Arecent resolution out of the Diocese of Washington has advocated genderless talk about God. This is not a new thought (though its association with gender neutrality is). In the wake of strong criticism, the bishop has replied that this resolution should be taken not politically but theologically. To honor this distinction, I offer the following theses.
1. God is not a creature, and hence is not male or female. God is beyond our knowing, and were we left to our own devices we could only project our notions upon him.
2. But God has revealed himself to us in Scripture and pre-eminently in Jesus Christ. In this light we can rightly understand how creation too reveals his glory.
3. Naming is different from describing. Jesus calls God “Abba,” and he is addressed as “my beloved Son.”
4. The official liturgies of the Church derive from this revelation and must make sure they address the true God truly.
5. As a result we are commanded directly by the risen Jesus to baptize in the name of the “Father and the Son and of the Holy Spirit.”
6. In the relation thereby restored, we are given the space to describe God in many ways. Jesus described himself as a hen gathering her brood. The proper places for such descriptions include private prayers, poems, songs, and even sermons.

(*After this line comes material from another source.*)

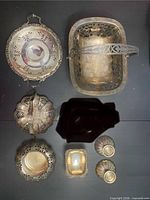 All eight silver-plated items laid out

7. The question of how we address one another is a different one, dependent on custom, language, and usage. It should be debated separately.
8. The use of he for God is a linguistic accommodation to the Incarnation within the grammatical structures of English. It makes no metaphysical claim.
9. Male and female God created us. But these roles have been the subjects of great historical and cultural change, and are an appropriate topic of discussion.
10. For these reasons God should be addressed without exception or change in an orthodox manner in the worship of our Church, to his praise and glory.